__SUPPLIED ENTRIES__:
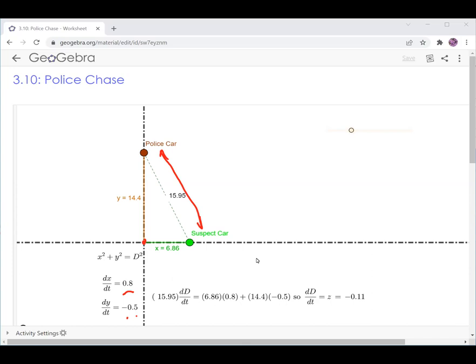So let's say the police car is interested in finding the relative speed or velocity between them and the suspect car. We know the distance between the police car and the suspect car — let's call that D.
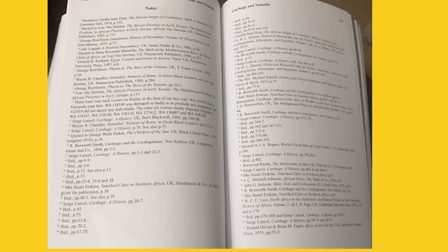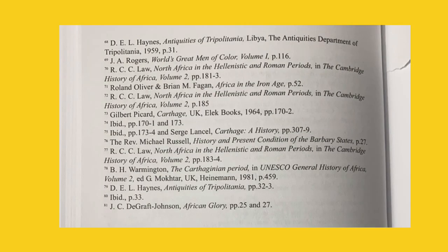Micipsa succeeded Masinissa to the throne in 148 BC and reigned for a lengthy 40 years. He abandoned the expansionism of his predecessor but continued his drive for agricultural expansion. It must be stressed that he ruled a vast territory. From the river Mulucha in the west to as far east as the Roman-controlled province surrounding Carthage, his authority was felt.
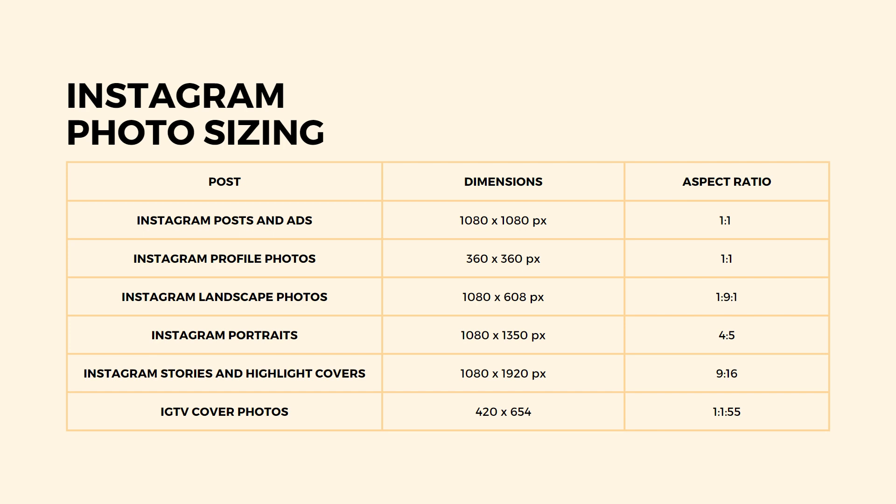Meanwhile, Instagram landscape photos are 1080 by 608 pixels or 1.9 by 1 aspect ratio. Instagram portraits are 1080 by 1350 pixels or 4 by 5 aspect ratio.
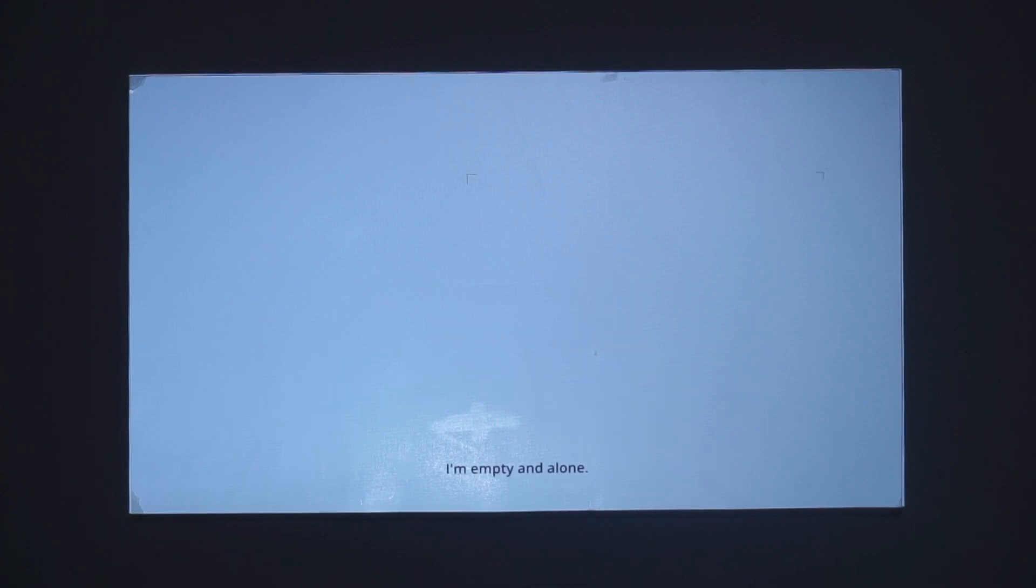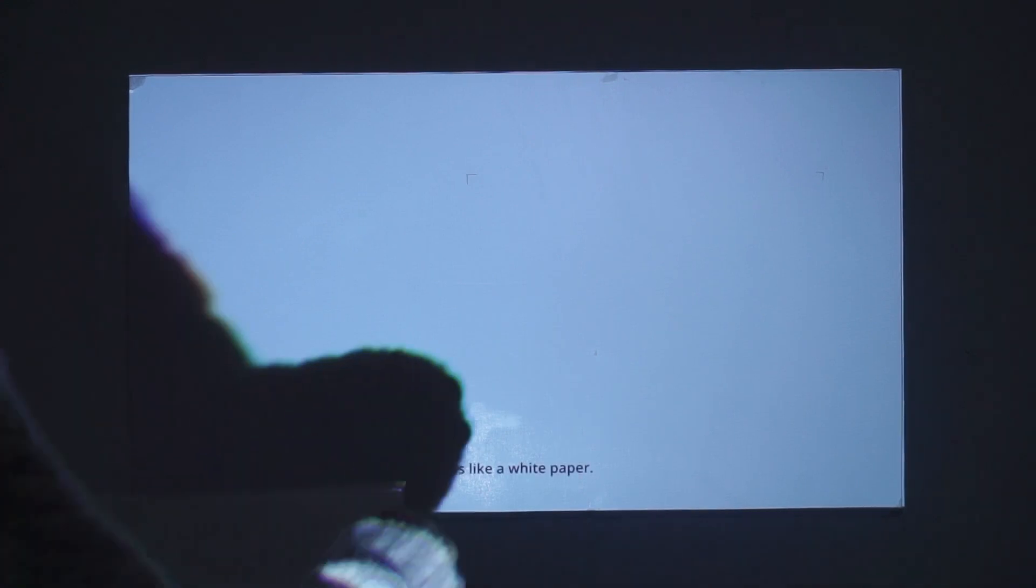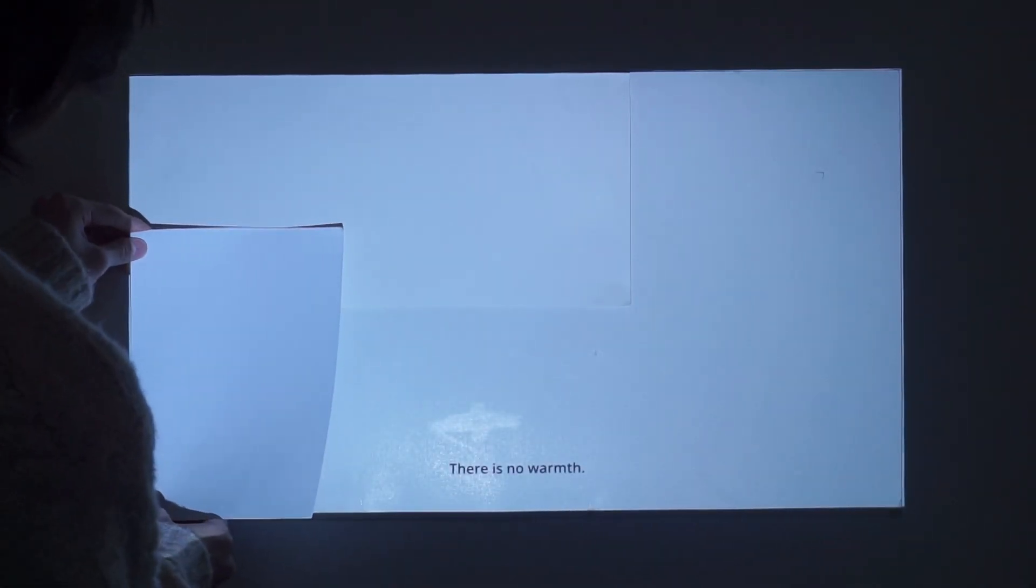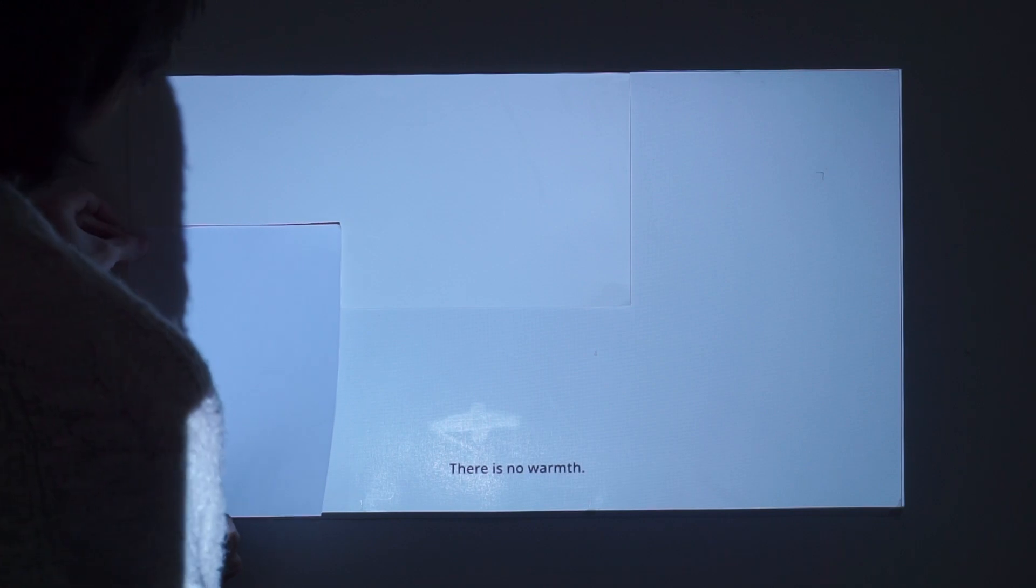I am alone. I am empty and alone. It is like a white paper. There is no one. There are only breaks.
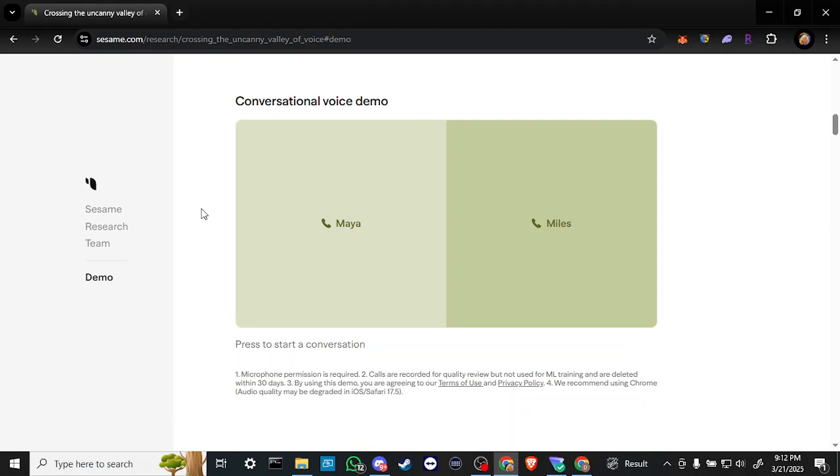And so if you're looking to try it out, go ahead and head over to sesame.com and you can either choose Maya or Miles at this time. And that's all there is to it.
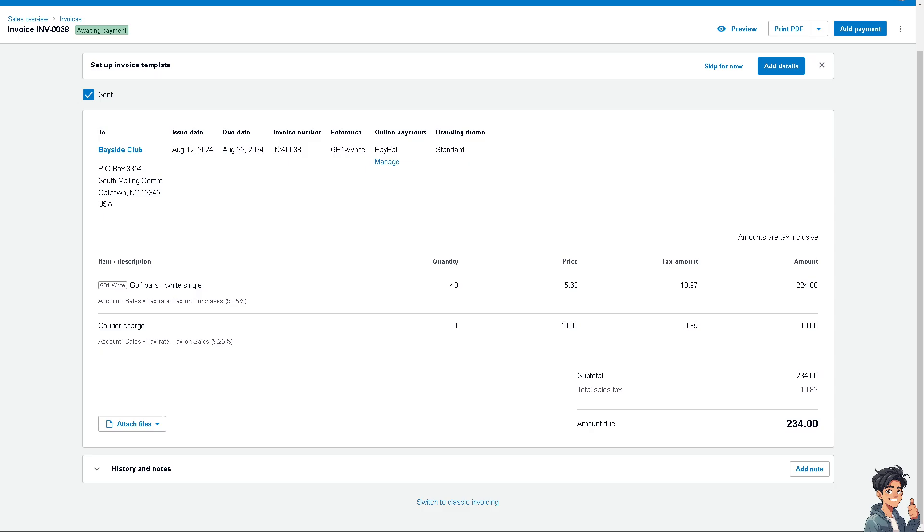The invoice should show the reduced amount due reflecting the prepayment applied. Thank you so much for watching. We will see you again in the next video.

__WHAT IS BEING ASKED__:
From the material above, output every line exactly as written, dropping any picture.

__RESULT__:
So let's say the police car is interested in finding the relative speed or velocity between them and the suspect car. We know the distance between the police car and the suspect car — let's call that D.
Micipsa succeeded Masinissa to the throne in 148 BC and reigned for a lengthy 40 years. He abandoned the expansionism of his predecessor but continued his drive for agricultural expansion. It must be stressed that he ruled a vast territory. From the river Mulucha in the west to as far east as the Roman-controlled province surrounding Carthage, his authority was felt.
Meanwhile, Instagram landscape photos are 1080 by 608 pixels or 1.9 by 1 aspect ratio. Instagram portraits are 1080 by 1350 pixels or 4 by 5 aspect ratio.
I am alone. I am empty and alone. It is like a white paper. There is no one. There are only breaks.
And so if you're looking to try it out, go ahead and head over to sesame.com and you can either choose Maya or Miles at this time. And that's all there is to it.
The invoice should show the reduced amount due reflecting the prepayment applied. Thank you so much for watching. We will see you again in the next video.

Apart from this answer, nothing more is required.